Find the area of the region under the graph of the function f on the interval [0, 9]. f(x) = 9x - x²

Solution:

Given, the function is f(x) = 9x - x²

We have to find the area of the region under the graph of the function f on the interval [0, 9].

Area = \(\int_{a}^{b}f(x)\, dx\)

So, area = \(\int_{0}^{9}(9x-x^{2})\, dx\)

= \([\frac{9}{2}x^{2}-\frac{x^{3}}{3}]_{0}^{9}\)

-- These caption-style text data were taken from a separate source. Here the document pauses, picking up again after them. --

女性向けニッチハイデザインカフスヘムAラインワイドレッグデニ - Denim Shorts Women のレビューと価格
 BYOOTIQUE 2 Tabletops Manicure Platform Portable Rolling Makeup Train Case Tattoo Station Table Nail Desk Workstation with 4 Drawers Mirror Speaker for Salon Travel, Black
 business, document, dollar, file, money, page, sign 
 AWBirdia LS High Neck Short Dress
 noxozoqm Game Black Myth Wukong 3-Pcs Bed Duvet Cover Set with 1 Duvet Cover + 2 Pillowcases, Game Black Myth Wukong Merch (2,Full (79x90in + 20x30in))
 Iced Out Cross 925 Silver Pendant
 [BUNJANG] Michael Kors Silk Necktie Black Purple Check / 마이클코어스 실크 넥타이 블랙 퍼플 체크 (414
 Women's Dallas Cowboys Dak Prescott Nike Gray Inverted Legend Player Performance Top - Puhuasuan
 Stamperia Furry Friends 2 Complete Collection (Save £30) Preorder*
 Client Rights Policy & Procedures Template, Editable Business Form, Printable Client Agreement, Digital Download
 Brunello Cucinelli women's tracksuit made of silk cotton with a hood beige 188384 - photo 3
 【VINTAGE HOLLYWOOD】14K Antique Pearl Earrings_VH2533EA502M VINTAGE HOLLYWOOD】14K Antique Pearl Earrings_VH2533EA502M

=\([\frac{9}{2}(9)^{2}-\frac{(9)^{3}}{3}]-[\frac{9}{2}(0)^{2}-\frac{(0)^{3}}{3}]\\=[\frac{9}{2}(81)-\frac{729}{3}-0]\\=[\frac{729}{2}-\frac{729}{3}]\\=[\frac{729(3-2)}{6}]\\=[\frac{729(1)}{6}]\\=\frac{729}{6}\)

=\(\frac{243}{2}\) square units.

Therefore, the area of the region is \(\frac{243}{2}\) square units.

Find the area of the region under the graph of the function f on the interval [0, 9]. f(x) = 9x - x²

Summary:

The area of the region under the graph of the function f on the interval [0, 9]. f(x) = 9x - x² is \(\frac{243}{2}\) square units.